You are viewing a plain text version of this content. The canonical link for it is here.
Posted to dev@pdfbox.apache.org by "Andreas Lehmkühler (JIRA)" <ji...@apache.org> on 2013/03/13 19:44:14 UTC
[jira] [Closed] (PDFBOX-104) NullPointerException from using
PDFTextStripper w/ some URLs
[ https://issues.apache.org/jira/browse/PDFBOX-104?page=com.atlassian.jira.plugin.system.issuetabpanels:all-tabpanel ]
Andreas Lehmkühler closed PDFBOX-104.
-------------------------------------
Resolution: Won't Fix
Assignee: Andreas Lehmkühler
The link is no longer valid and therefore we don't have any sample pdf.
Set to closed
> NullPointerException from using PDFTextStripper w/ some URLs
> ------------------------------------------------------------
>
> Key: PDFBOX-104
> URL: https://issues.apache.org/jira/browse/PDFBOX-104
> Project: PDFBox
> Issue Type: Bug
> Assignee: Andreas Lehmkühler
>
> [imported from SourceForge]
> http://sourceforge.net/tracker/index.php?group_id=78314&atid=552832&aid=1335941
> Originally submitted by pkorn78 on 2005-10-23 21:51.
> Hi,
> I've tried to extract text from this URL:
> http://www.ischool.washington.edu/mcdonald/papers/Lutters.AMCIS00.pdf
> However, it throws java.lang.NullPointerException on me
> although the PDF file does exist on that URL.
> Here's the code where I invoke the PDFTextStripper:
> String docURL =
> "http://www.ischool.washington.edu/mcdonald/papers/Lutters.AMCIS00.pdf";
> try{
> PDFTextStripper stripper = new PDFTextStripper();
> PDDocument pdfDoc =
> PDDocument.load(getInputStreamFromURL(docURL));
> String strippedText = stripper.getText(pdfDoc);
> pdfDoc.close();
> return stippedText;
> }
> catch(IOException e){
> e.printStackTrace();
> }
> Here's getInputStreamFromURL method used in the above code:
> public InputStream getInputStreamFromURL(String url){
> try{
> URL myURL = new URL(url);
> URLConnection con = myURL.openConnection();
> con.setRequestProperty("User-Agent","");
> return con.getInputStream();
> }
> catch(MalformedURLException e){
> e.printStackTrace();
> }
> catch(IOException ie){
> ie.printStackTrace();
> }
> return null;
> }
> Please advise, Thanks
> -Palakorn
> [comment on SourceForge]
> Originally sent by brzrkr.
> Logged In: YES
> user_id=1489602
> I am chasing a similar problem which might be related.
> What I found (using PDFDebugger.java) was that the PDF
> has an invalid PageTree: the root node and 5 of the 6
> Page objects are valid, but the 6th is a Stream, and
> not a Dictionary(Page).
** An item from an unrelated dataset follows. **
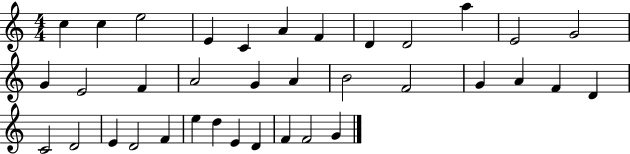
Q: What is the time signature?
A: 4/4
The offending code is:
> private static COSArray
> org.pdfbox.pdmodel.PDPageNode.getAllKids(
> List result, COSDictionary page, boolean recurse
> );
> which needs to check that kids is non-null before
> using it.
>
> [comment on SourceForge]
> Originally sent by brzrkr.
> Logged In: YES
> user_id=1489602
> I am chasing a similar problem which might be related.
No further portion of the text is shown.